How often do you read email newsletters? If you're like me, it has become a habit to unsubscribe from as many as you can, except maybe for one or two. Most of the time, newsletters are a pain. I sometime find useful information in one of them, but please, please, if you have to send me one, send me something interesting, simple, easy-to-read, and to the point.
Sadly, most newsletters I see are terrible. They are so inexpensive to send that many organizations don't invest much resources in designing
good newsletters. Newsletter senders, please get inspired by these few principles below, or run the risk to be an annoyance to your reader. Please STOP WASTING MY TIME.
Purpose: Beyond the click-through rate
The way newsletters are made has not evolved much in the last years. However the way people interact with online information has, emails included. The amount of information we read online, in particular, has increased drastically (
14% of all information hours Americans receive come from the Internet (p. 18)). Users are learning to be more selective with the information they grant their attention to. With the amount of emails we receive everyday, consider your newsletter as a potential annoyance for the recipient, and a sign of trust on their part when they open it. This trust is precious, hard to earn and easy to lose. Sending a newsletter just to send a newsletter is the easiest way to lose it. For many people, your email is the visible face of your organization. If you think it's only one more email, you're missing out the context. Your email is a statement about who you are and how you view your relationship with the reader.

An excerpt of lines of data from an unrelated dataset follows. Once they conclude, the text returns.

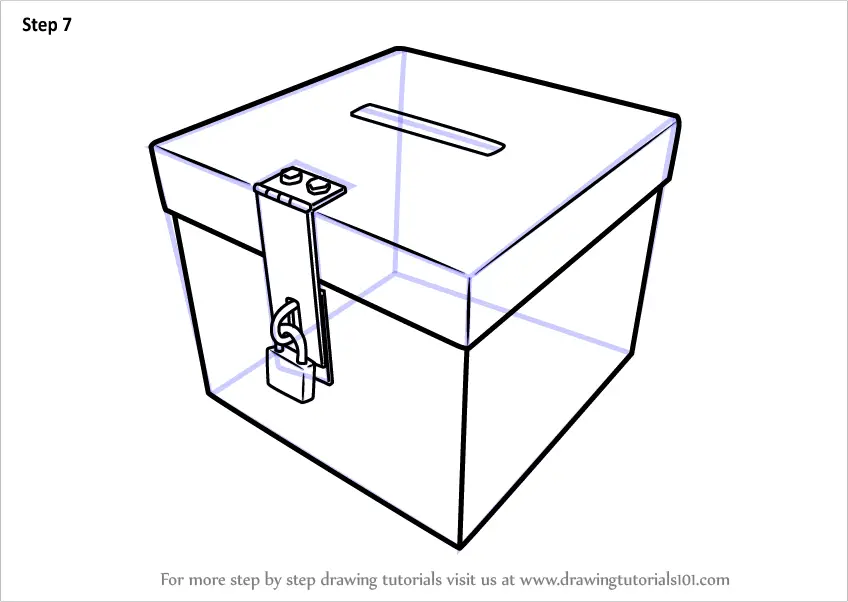 Learn How to Draw a Ballot Box (Everyday Objects) Step by Step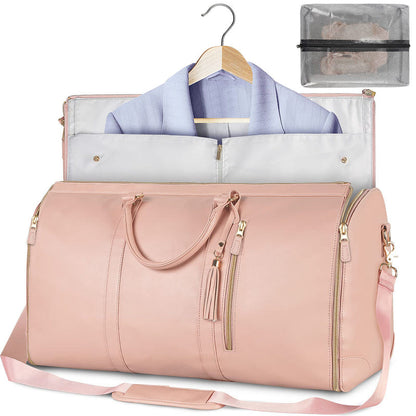 Large capacity travel duffle bag, light pink with shoulder strap, open top compartments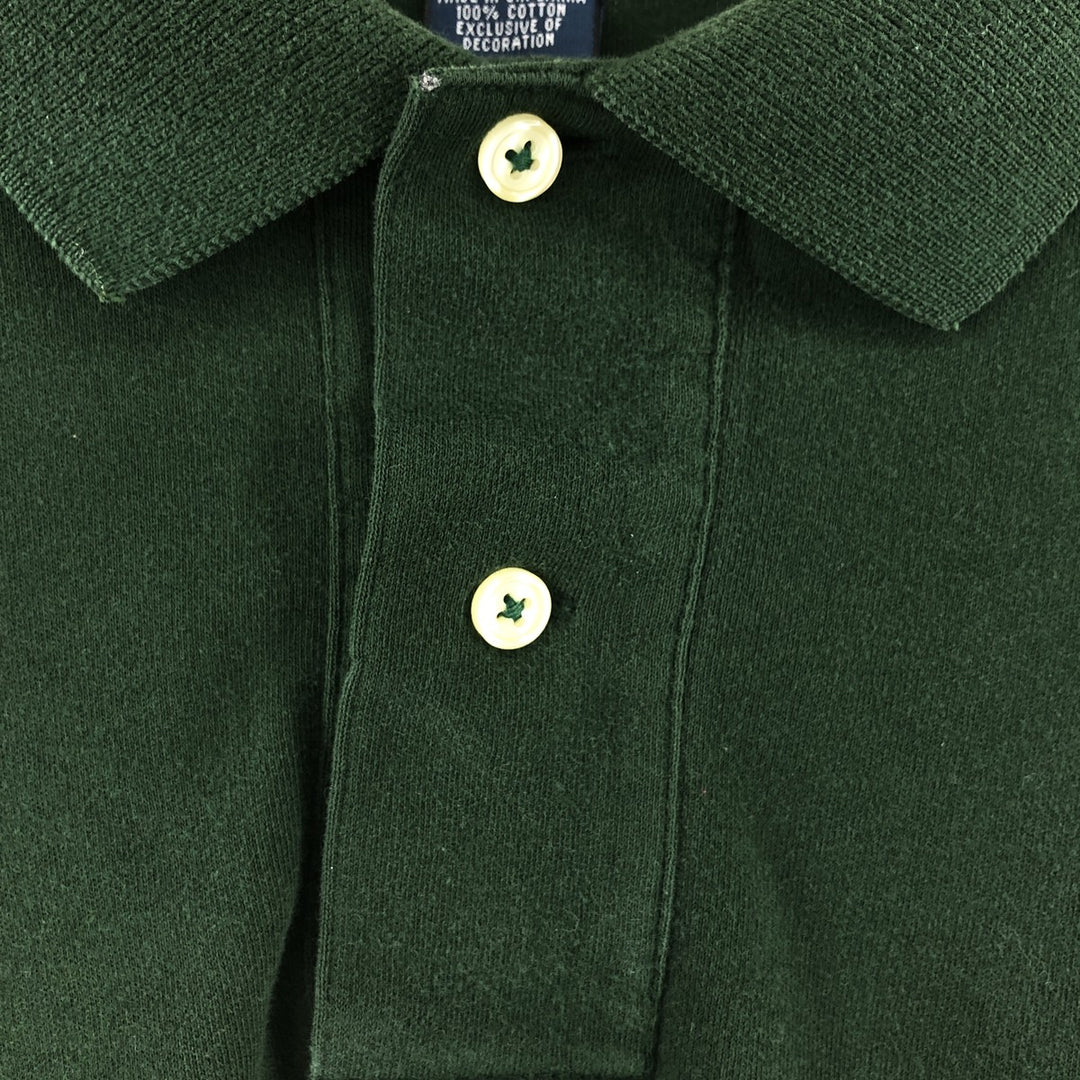 Ralph Lauren POLO by Ralph Lauren long sleeve polo shirt, men's size L cotton Green type dark green Vintage Second Hand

You can't design your email with in mind the click-through rate as ultimate goal and measurement of success. It's a valuable metrics, but more important is that your reader keeps trusting you enough to open your next newsletter. If he or she doesn't, you lost them. How to do then? Focus on pleasing your reader - just like you would if you sent an informative email to a friend. Don't try to trick them with deceiving offers, don't try to get their attention if your content is not worth it. Respect their time!
Good little content
I'm sure you want to tell me all about your business, but don't try to force feed it to me in an email: it is not the right medium! That's what websites are for. It may seem radical, but in newsletters good content is little content. Give me
one or two content items, no more. If you have no way to prioritize between four news items, it's likely that none of them are worth sending a newsletter about. Maybe you should consider blogging instead - readers can consult your blog whenever they like, they can even subscribe to a RSS feed. Send an email only if you have something important to share, and in that case, share only that, all the rest is noise. Nothing stops you from linking to your blog, why not even with the titles of the last three posts published.
Just consider how
you read your emails; do you often spend more than 7 seconds reading an email not personally sent to you? Me neither. So if you take my time with an email, make sure you have top A content for me, not B not C. It's okay to share B quality content on a blog, it is not okay to waste my time with it in my inbox.
Empty space is soothing
The good thing with little content is that there is more space for
nothing. AAAH what a waste? No, empty space is a rare commodity on the web, everyone trying to fill each pixel with value-creating content. There is great value to
nothing. First, in the noisy web, it is resting, and users appreciate this comfort (look at the success of Google's homepage when competitors were filling their pages with news, ads and fluff). Second, space contrasts with content, so it emphasizes it without having to use noisy tricks like
bold,
italic,
colors... And third, empty space loads pretty damn fast with every connection :-) In short, empty space is not nothing! Designer Mark Boulton has written a
good article on the use of whitespace.